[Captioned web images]

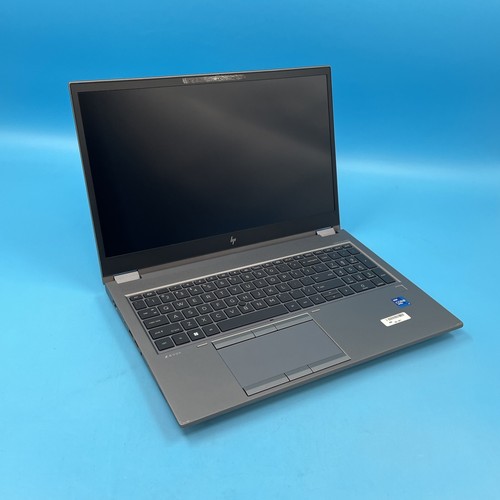 Zbook fury i7 - fury, |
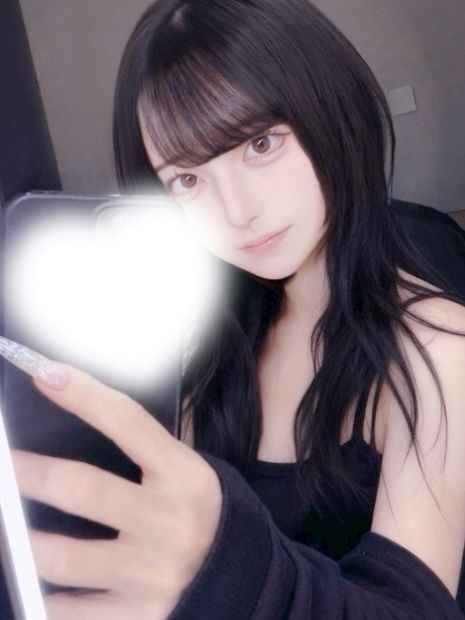 プロフィール写真2・ゆの|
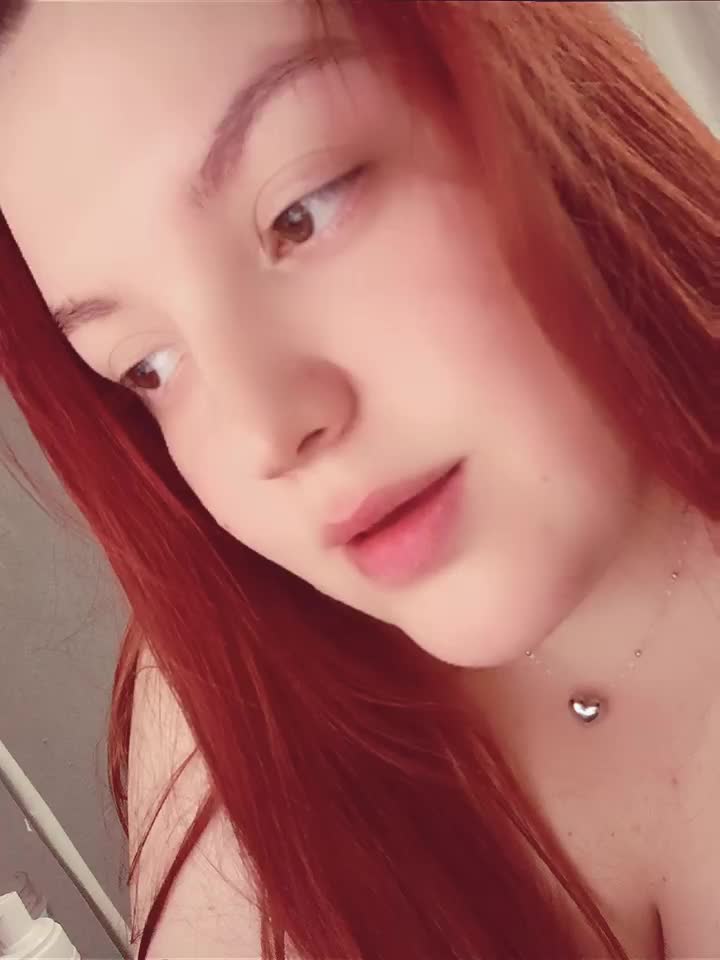@Ayşegül Özer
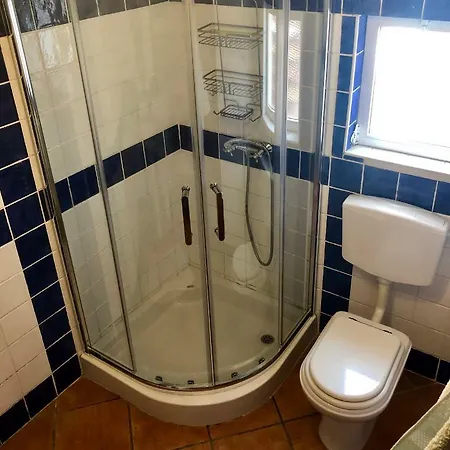 Casinhas Da Figueira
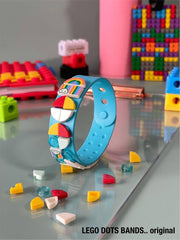 Lego Dots Bands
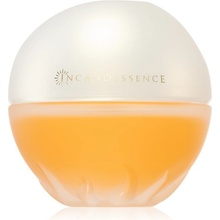 Avon Incandessence parfémovaná voda dámská 50 ml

### TASK PROMPT
Could you reproduce every record above exactly, leaving out any pictures?

### EXERCISE ANSWER
 Zbook fury i7 - fury, |
 プロフィール写真2・ゆの|
@Ayşegül Özer
 Casinhas Da Figueira
 Lego Dots Bands
 Avon Incandessence parfémovaná voda dámská 50 ml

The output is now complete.